HA pairs always consist of like controller models. The controllers typically reside in the same chassis with redundant power supplies.
An internal HA interconnect allows each node to continually check whether its partner is functioning and to mirror log data for the other’s nonvolatile memory. When a write request is made to a node, it is logged in NVRAM on both nodes before a response is sent back to the client or host. On failover, the surviving partner commits the failed node’s uncommitted write requests to disk, ensuring data consistency.
Connections to the other controller’s storage media allow each node to access the other’s storage in the event of a takeover. Network path failover mechanisms ensure that clients and hosts continue to communicate with the surviving node.

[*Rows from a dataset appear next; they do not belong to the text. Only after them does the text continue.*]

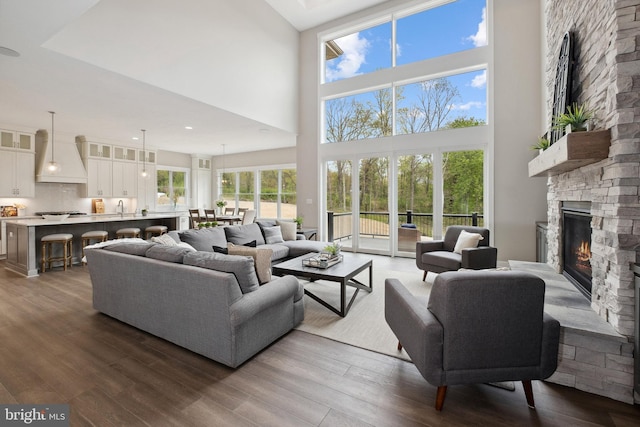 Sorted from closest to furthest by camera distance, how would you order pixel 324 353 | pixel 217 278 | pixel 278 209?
1. pixel 217 278
2. pixel 324 353
3. pixel 278 209

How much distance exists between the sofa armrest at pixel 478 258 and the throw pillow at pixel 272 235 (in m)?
3.07

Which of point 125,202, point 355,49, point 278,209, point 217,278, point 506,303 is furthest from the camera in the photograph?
point 278,209

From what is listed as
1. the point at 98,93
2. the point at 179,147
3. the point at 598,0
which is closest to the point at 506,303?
the point at 598,0

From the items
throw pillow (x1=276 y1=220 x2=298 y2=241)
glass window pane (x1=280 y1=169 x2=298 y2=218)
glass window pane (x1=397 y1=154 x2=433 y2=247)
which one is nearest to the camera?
throw pillow (x1=276 y1=220 x2=298 y2=241)

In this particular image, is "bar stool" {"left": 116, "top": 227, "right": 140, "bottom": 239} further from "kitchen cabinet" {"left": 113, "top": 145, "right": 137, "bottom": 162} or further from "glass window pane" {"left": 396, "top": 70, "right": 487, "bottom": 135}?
"glass window pane" {"left": 396, "top": 70, "right": 487, "bottom": 135}

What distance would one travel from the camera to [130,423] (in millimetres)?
1608

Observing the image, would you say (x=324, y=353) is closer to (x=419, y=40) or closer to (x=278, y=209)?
Result: (x=419, y=40)

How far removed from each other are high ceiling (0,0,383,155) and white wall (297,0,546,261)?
2.99 m

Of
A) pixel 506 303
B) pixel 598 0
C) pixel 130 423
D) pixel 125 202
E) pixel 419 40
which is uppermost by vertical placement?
pixel 419 40

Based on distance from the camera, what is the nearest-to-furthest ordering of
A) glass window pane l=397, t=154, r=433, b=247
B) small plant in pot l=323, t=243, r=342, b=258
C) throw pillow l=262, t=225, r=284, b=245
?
small plant in pot l=323, t=243, r=342, b=258, throw pillow l=262, t=225, r=284, b=245, glass window pane l=397, t=154, r=433, b=247

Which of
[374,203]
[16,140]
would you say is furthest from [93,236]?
[374,203]

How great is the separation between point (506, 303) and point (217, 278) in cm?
187

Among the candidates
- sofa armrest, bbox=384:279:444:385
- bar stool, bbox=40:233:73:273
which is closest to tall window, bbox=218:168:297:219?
bar stool, bbox=40:233:73:273

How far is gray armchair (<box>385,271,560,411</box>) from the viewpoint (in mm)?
1562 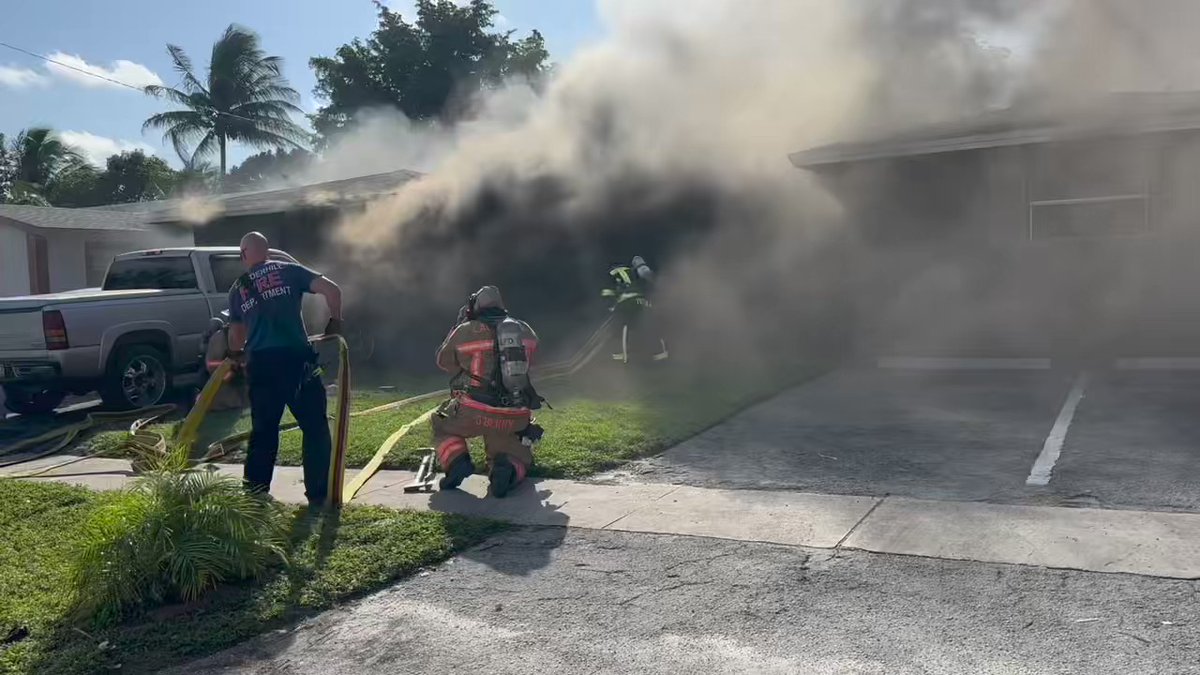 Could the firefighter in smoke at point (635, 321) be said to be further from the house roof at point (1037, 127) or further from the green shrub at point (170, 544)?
the green shrub at point (170, 544)

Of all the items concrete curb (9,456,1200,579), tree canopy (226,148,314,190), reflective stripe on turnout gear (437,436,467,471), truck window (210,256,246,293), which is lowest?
concrete curb (9,456,1200,579)

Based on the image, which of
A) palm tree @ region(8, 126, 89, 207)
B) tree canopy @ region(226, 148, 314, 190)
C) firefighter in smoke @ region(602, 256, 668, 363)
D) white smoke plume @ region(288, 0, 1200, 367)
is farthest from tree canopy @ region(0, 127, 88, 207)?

To assure availability, you should keep performance capacity utilization on either node at 50% to accommodate the additional workload in the failover case. For the same reason, you may want to configure no more than 50% of the maximum number of NAS virtual network interfaces for a node.
Takeover and giveback in virtualized ONTAP implementations
Storage is not shared between nodes in virtualized “shared-nothing” ONTAP implementations like Cloud Volumes ONTAP for AWS or ONTAP Select. When a node goes down, its partner continues to serve data from a synchronously mirrored copy of the node’s data. It does not take over the node’s storage, only its data serving function.